How Red Hat Decides Which Open Source Companies To Buy
darthcamaro writes "You don't really buy an open source company — since the tech is all open. But then again, Red Hat 'buys' open source companies all the time, they just bought one this week. So when does it makes sense for Red Hat to buy a company versus just building it on their own? Apparently, it all comes down to community. 'When you buy an open source company, if the people aren't coming and passionate about staying then you spend a lot of money for what? Because you don't get a lot of intellectual property,' Red Hat CEO Jim Whitehurst said."
You don't really buy an open source company — since the tech is all open.
What a dumb statement.
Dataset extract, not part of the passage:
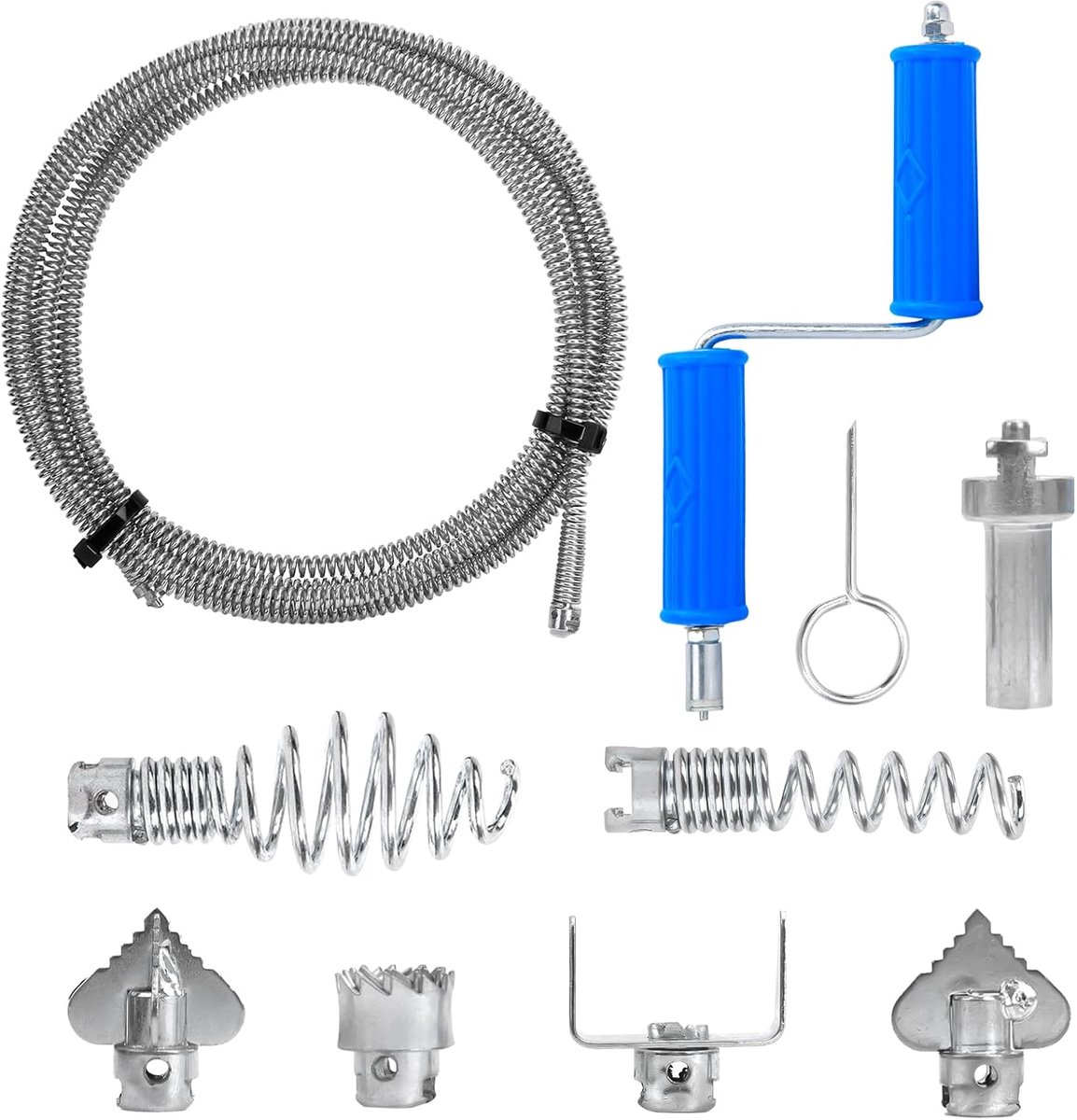 Pipe cleaning coil 5 m - flexibele schroef - voor effectieve reiniging - ideaal voor leidingen - ShopVlot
Buying an open source company is buying their copyrights, possibly any patents they hold and getting to acquire their people.
What I got from the article is that they are will to buy a company with:
an established community based product
centralized developers willing to work for Redhat
For companies that have distributed developers/contributors, they tend to just hire major contributors to steer it in the direction Redhat wants it to go.
I only look human.
My mother is a halfling and my dad is an ogre, so that makes me an Ogreling
We're a pretty heavy postgres shop, and Red Hat employing one of the top developers of that project (Tom) was the way we chose which distro to use (and actually pay for). Not that we actually needed such support (he gives at least as support on the project mailing list) --- but for marking reasons we needed *a* tier-1 distro with "official" "support" --- so we chose to support them based on them supporting Tom.
Apparently, it all comes down to community.
This is increasingly true for all start-ups. Even if a start-up has no IP, and its platform can be easily cloned, it can be valuable solely from the users it's accumulated. VCs now look for at least one of the 3Ps: people, profit, and popularity. Get the people then find a business model to exploit them.